**YOUR GOAL:** Exact copy, no pictures: reproduce the lines from the one that holds "Anarasia - Five Drawer Chest - White" through the end of the entries.
--------------------------------
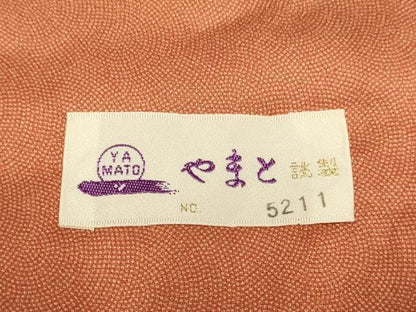 平和屋着物■江戸小紋 作家物 稲山 鮫小紋柄 やまと誂製 正絹 逸品 DABD6407du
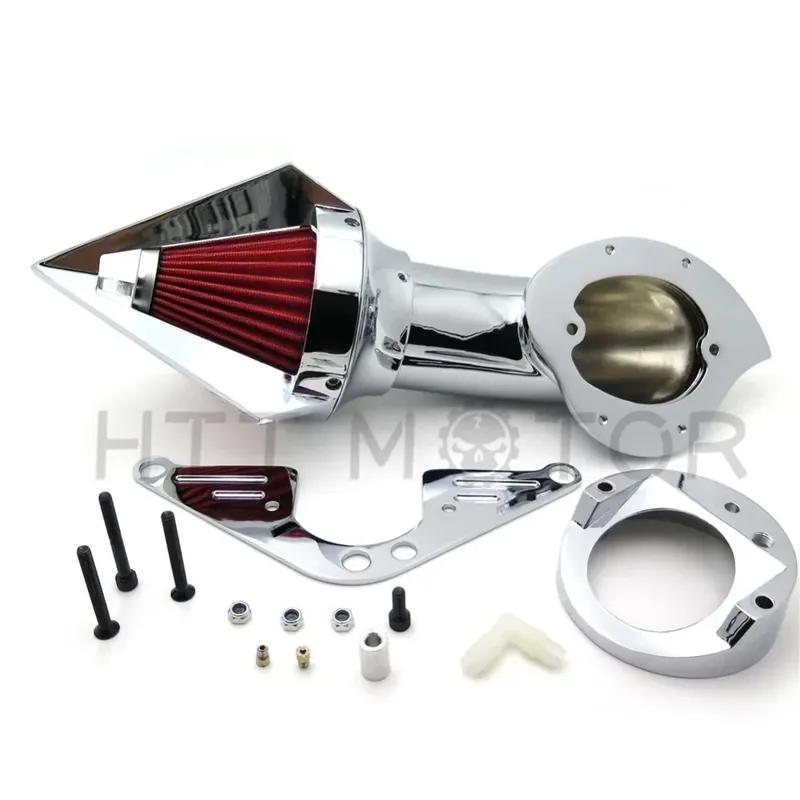 Motorcycle Cone Spike Air Cleaner For Yamaha 1999-2018 Road Star 1600 XV1600A 1700 XV1700 Chrome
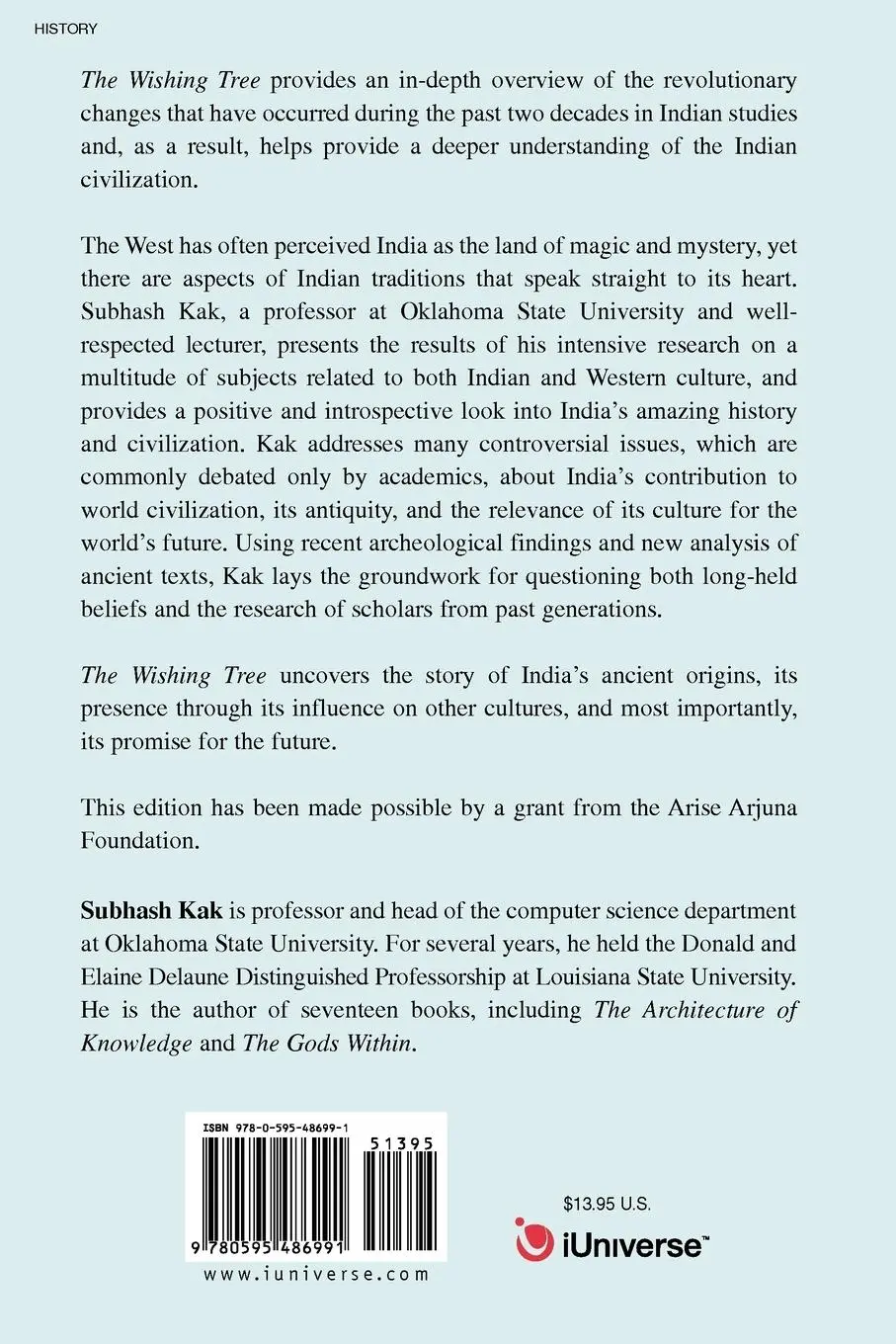 Rückseite: 9780595486991 | The Wishing Tree | Presence and Promise of India | Subhash Kak | Buch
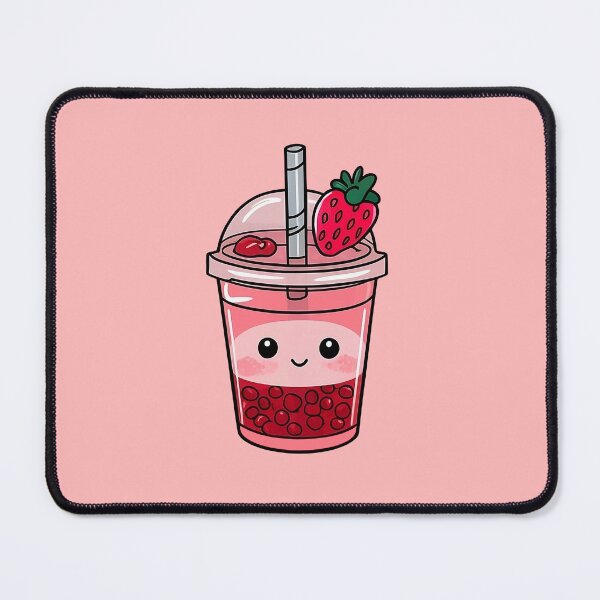 Item preview, Strawberry Bubble Tea Kawaii designed and sold by canvadreamer444.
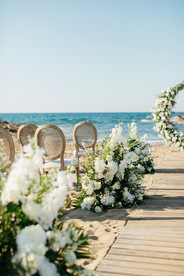 Beach wedding ceremony Greece Santorini Crete Wedding planner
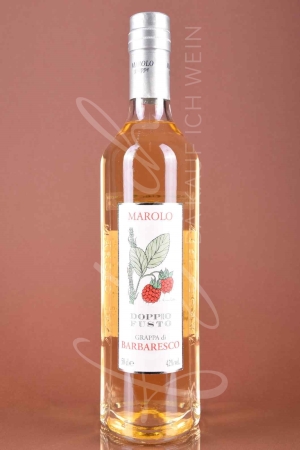 Grappa di Barbaresco, doppio fusto, Marolo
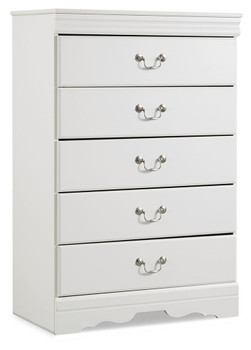 Anarasia - Five Drawer Chest - White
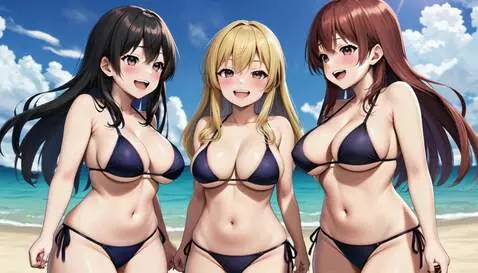 AI Video from prompt: gils in bikinis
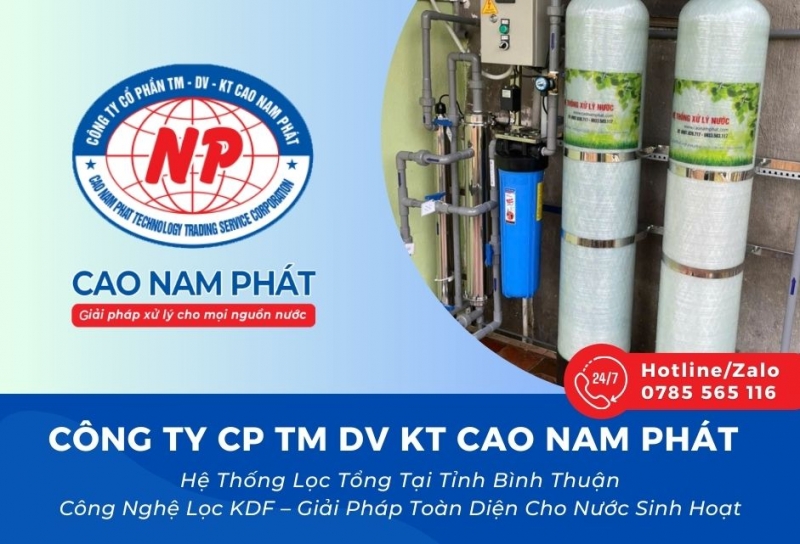 Hệ Thống Lọc Tổng Tại Tỉnh Bình Thuận Sử Dụng Công Nghệ Lọc KDF – Giải Pháp Toàn Diện Cho Nước Sinh Hoạt
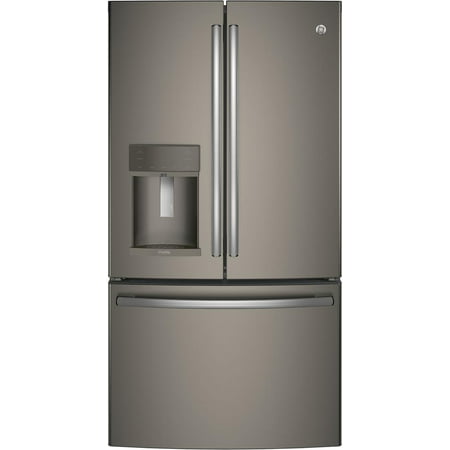 GE Profile Series Energy Star Grey 27.8 cu.ft. French-Door Refrirator with Hands-Free Autofill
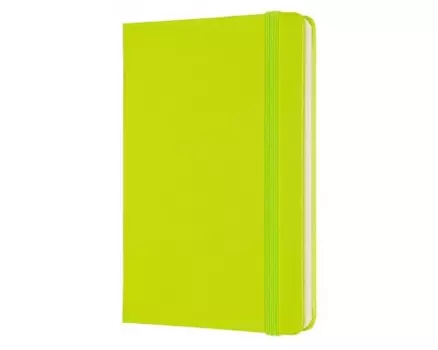 Блокнот Moleskine CLASSIC, 90x140мм, без линовки, 96 листов, лайм (QP012C2)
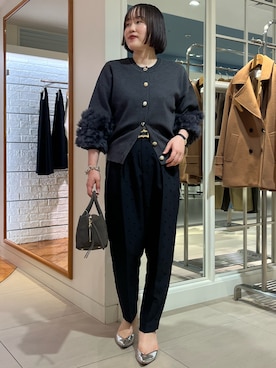 「NOLLEY’S（ノーリーズ）のアイテム」を使った、SAYAKAさん（レディース・163cm）の秋コーディネート
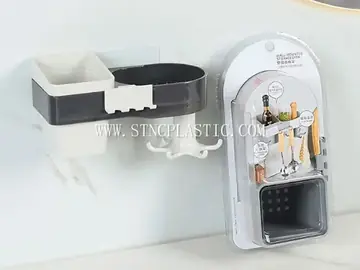 European Plastic Wall-Mounted Multifunctional Storage Rack NC034735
--------------------------------
**PROBLEM SOLUTION:**
 Anarasia - Five Drawer Chest - White
 AI Video from prompt: gils in bikinis
 Hệ Thống Lọc Tổng Tại Tỉnh Bình Thuận Sử Dụng Công Nghệ Lọc KDF – Giải Pháp Toàn Diện Cho Nước Sinh Hoạt
 GE Profile Series Energy Star Grey 27.8 cu.ft. French-Door Refrirator with Hands-Free Autofill
 Блокнот Moleskine CLASSIC, 90x140мм, без линовки, 96 листов, лайм (QP012C2)
 「NOLLEY’S（ノーリーズ）のアイテム」を使った、SAYAKAさん（レディース・163cm）の秋コーディネート
 European Plastic Wall-Mounted Multifunctional Storage Rack NC034735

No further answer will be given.